As if it needed defending, this past week President Trump announced that he will be making sure that we stop attacks “on Judeo-Christian values.”
Whatever those values might be.
And when did “Judeo-Christian” become a thing?
As fellow columnist Mark Silk has said, the notion of a “Judeo-Christian tradition” comes into existence before World War II. It was a way of counteracting the fascist use of “Christian” as code language for anti-Semitic.
But, it had unique utility in American life. In 1952, President Dwight D. Eisenhower proclaimed: “Our government makes no sense unless it is founded on a deeply felt religious faith — and I don’t care what it is.”
This was when “In God We Trust” appeared on our national currency. This was when “under God” made it appearance in the Pledge of Allegiance.
And why? Because we now had a new enemy. Soviet Communism was atheistic. We had to emphasize that we were different, that our culture had a different source of energy. But, pay attention: the proliferation of religious institutions did not mean that there was an equal growth in American spirituality. American religion was pretty bland. It was “faith for the sake of faith.”
“Faith for the sake of faith” fit well into the post-war suburban expansion. For the first time, Jews and Christians lived in close and peaceful proximity to each other. Every Main Street in every emerging suburb had its Catholic Church, its Protestant church, and its synagogue.

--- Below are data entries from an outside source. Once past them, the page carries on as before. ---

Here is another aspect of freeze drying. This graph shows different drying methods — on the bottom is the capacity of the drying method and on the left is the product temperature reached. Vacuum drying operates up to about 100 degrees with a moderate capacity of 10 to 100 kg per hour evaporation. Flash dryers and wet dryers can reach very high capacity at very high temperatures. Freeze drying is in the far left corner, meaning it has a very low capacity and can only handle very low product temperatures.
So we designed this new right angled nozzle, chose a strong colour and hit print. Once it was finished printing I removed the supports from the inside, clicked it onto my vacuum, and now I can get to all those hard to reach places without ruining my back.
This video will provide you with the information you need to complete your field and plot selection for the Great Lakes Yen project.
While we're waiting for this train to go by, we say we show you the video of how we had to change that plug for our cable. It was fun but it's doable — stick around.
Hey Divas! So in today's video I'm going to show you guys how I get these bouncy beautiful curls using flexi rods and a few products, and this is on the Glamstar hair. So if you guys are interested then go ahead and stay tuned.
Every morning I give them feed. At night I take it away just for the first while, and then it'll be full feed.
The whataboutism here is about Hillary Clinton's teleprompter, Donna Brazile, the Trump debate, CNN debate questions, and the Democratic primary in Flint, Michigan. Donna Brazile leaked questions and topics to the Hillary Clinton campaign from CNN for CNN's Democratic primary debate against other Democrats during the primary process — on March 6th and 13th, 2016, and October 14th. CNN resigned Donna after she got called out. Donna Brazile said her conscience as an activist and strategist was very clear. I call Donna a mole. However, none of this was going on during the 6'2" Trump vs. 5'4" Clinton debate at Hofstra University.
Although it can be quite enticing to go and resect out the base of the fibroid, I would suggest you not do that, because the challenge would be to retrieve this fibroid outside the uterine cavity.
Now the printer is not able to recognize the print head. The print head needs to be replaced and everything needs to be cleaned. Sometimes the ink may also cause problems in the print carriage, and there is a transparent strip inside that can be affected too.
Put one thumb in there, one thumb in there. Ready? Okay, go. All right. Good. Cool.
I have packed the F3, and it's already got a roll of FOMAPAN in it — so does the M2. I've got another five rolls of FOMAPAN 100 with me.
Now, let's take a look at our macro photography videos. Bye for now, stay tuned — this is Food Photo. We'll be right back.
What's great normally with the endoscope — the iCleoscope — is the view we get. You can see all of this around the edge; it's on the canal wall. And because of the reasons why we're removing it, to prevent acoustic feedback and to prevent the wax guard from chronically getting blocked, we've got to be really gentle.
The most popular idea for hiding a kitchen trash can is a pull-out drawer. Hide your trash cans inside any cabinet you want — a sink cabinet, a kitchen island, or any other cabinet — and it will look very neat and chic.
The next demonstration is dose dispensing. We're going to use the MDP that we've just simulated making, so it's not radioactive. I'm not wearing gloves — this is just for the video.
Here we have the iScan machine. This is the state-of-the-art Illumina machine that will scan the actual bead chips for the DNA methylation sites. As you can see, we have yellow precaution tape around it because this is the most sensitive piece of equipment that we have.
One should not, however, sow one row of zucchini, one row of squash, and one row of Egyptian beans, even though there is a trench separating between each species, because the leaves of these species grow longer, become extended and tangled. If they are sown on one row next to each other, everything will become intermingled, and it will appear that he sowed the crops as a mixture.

That is how we wound up with “Judeo-Christian.” Basically, it allowed Jews into the “country club” — if not the real tennis and golf country club (that would come later), then at least the formerly restricted “country club” of American culture.
“Judeo-Christian” was a bone that America threw to the Jews, letting us think that our religious faith was an equal partner in American life. When you consider that American Jews never constituted more than three percent of the American population, it seemed like a rather generous move.
And because American Jews were (rightly) sick to death of being other, and being persecuted, we parroted “Judeo-Christian” along with everyone else. It meant that Jews were strangers no more, that we were not peripheral, that we were ready for prime time.
But, in fact, this was never the case.
Oh, yes, of course — schools would close for the Jewish High Holy Days. You could get matzah in supermarkets. Jews made their famous contributions to American culture.
But, religiously? Not so much.
America’s default religious culture was — and continues to be — Christian. This, despite the massive demographic challenges that non-Christian religions have posed to the American body politic.
And, even still: an avowed agnostic or atheist would have a lot of trouble getting elected to a high American office.
Moreover: despite our society’s avowed “Judeo-Christian” cultural heritage, Jewish thinkers and specifically Jewish texts get short shrift in the public consciousness. You can be a literate American without knowing anything about Jewish thought.
The books of the Hebrew Bible (and, please, not “Old Testament”) and the books of the Christian Bible? Sure. At the very least, they make guest appearances in the New York Times crossword puzzle.
But, 21 down, “book of Jewish wisdom,” six letter word — Talmud?
14 across, Jewish thinker, five letter word — Buber?
I don’t think so.
When it comes to Judaism as being part of the American canon, Judaism is as disadvantaged as any non-Christian, non-Western culture.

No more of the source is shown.